Exercise prompt
Each line from the one that contains "Samantha Agua Marina" down to the last line of the material should be retyped exactly as it stands.

--- Input material Enclosed Below ---

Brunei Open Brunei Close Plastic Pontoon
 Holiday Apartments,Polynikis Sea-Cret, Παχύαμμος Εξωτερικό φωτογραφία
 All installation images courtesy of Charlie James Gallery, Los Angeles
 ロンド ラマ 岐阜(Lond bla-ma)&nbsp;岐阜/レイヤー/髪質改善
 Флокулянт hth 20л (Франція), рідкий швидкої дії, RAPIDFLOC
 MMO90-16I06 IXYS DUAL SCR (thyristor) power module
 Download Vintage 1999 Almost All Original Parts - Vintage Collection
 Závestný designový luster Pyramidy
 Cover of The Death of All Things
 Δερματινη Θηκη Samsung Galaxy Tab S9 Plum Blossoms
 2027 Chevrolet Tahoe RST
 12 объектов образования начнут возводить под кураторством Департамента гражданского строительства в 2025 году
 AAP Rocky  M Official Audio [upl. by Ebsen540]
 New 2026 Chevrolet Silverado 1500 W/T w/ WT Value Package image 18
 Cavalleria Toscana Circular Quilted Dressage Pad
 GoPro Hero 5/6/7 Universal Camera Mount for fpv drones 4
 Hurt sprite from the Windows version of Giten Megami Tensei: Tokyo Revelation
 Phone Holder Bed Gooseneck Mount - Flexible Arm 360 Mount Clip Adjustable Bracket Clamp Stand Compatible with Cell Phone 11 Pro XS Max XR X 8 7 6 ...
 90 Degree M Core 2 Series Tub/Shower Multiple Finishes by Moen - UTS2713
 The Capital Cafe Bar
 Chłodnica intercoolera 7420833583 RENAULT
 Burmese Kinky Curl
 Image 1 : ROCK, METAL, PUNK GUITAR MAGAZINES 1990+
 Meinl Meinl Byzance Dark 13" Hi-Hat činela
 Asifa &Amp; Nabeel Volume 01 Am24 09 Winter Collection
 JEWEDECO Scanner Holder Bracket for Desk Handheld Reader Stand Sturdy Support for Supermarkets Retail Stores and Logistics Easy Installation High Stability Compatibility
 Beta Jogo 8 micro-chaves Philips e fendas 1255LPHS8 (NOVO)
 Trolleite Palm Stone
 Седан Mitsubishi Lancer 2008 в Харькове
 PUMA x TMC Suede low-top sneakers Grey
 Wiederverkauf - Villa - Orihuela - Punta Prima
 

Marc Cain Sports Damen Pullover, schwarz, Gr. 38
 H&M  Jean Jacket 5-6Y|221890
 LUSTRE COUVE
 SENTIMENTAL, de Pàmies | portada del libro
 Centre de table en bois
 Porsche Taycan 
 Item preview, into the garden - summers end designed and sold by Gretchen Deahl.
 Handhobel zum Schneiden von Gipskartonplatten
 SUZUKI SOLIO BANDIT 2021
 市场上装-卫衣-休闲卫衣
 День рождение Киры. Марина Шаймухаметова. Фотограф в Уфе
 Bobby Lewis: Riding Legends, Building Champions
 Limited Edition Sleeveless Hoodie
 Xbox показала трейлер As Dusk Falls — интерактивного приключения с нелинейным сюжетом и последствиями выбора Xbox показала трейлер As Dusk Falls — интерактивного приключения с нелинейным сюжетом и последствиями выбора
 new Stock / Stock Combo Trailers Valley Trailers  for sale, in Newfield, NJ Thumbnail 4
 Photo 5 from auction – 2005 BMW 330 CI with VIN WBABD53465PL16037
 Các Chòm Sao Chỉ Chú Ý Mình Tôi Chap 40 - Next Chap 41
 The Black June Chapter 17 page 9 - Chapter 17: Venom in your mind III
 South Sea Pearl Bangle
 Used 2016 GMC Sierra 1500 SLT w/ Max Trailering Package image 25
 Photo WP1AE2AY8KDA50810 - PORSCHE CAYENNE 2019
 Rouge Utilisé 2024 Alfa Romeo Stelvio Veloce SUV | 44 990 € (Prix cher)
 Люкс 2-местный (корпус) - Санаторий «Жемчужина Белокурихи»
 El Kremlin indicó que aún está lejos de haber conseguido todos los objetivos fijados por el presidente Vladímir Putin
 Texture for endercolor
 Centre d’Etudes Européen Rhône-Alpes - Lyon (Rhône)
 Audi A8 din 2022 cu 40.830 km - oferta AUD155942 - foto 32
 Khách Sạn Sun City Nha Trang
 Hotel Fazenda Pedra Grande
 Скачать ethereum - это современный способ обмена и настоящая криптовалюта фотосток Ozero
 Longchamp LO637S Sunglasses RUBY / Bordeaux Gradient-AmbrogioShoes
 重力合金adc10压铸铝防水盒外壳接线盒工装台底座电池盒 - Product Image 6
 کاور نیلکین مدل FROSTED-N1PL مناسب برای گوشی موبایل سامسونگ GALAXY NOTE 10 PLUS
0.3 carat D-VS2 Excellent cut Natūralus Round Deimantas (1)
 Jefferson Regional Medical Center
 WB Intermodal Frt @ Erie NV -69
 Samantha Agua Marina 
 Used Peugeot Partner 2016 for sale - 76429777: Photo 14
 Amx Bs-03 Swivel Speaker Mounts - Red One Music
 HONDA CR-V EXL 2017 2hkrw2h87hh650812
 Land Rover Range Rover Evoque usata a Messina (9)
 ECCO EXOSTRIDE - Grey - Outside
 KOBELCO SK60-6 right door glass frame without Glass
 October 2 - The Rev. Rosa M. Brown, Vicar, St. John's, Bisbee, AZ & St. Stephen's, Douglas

--- End of Enclosed Input material ---

Answer box
 Samantha Agua Marina 
 Used Peugeot Partner 2016 for sale - 76429777: Photo 14
 Amx Bs-03 Swivel Speaker Mounts - Red One Music
 HONDA CR-V EXL 2017 2hkrw2h87hh650812
 Land Rover Range Rover Evoque usata a Messina (9)
 ECCO EXOSTRIDE - Grey - Outside
 KOBELCO SK60-6 right door glass frame without Glass
 October 2 - The Rev. Rosa M. Brown, Vicar, St. John's, Bisbee, AZ & St. Stephen's, Douglas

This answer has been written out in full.